Bild: David gegen Goliath: Mit der Drei-Prozent-Hürde fallen Mandate der Klein…
BERLIN taz | Erst im November 2011 hatte das Bundesverfassungsgericht
Prozenthürden bei Europawahlen für verfassungswidrig erklärt. Doch der
Bundestag will das Karlsruher Urteil nicht hinnehmen: In der Nacht zum
Freitag beschloss der Bundestag eine neue Drei-Prozent-Hürde für die
Europawahl 2014.
Die Bundestagsabgeordneten halten das Karlsruher Urteil für falsch und
wollen einen neuen Anlauf unternehmen, das Verfassungsgericht von ihrer
Sicht zu überzeugen. Beschlossen wurde im Bundestag ein gemeinsamer
Gesetzentwurf von Union, FDP, SPD und Grünen.

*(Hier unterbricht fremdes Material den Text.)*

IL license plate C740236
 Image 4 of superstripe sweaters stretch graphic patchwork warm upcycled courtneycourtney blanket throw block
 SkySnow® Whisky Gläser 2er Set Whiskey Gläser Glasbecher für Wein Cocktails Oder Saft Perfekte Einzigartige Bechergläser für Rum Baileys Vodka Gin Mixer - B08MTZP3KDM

Nur die Linke stimmte
dagegen.
Bisher bestand bei Europawahlen eine Fünf-Prozent-Klausel, wie sie auch bei
Bundes- und Landtagswahlen üblich ist. Diese hatte jedoch das
Bundesverfassungsgericht für unzulässig erklärt. Der Eingriff in die
Gleichheit des Stimmgewichts sei bei Europawahlen nicht zu rechtfertigen.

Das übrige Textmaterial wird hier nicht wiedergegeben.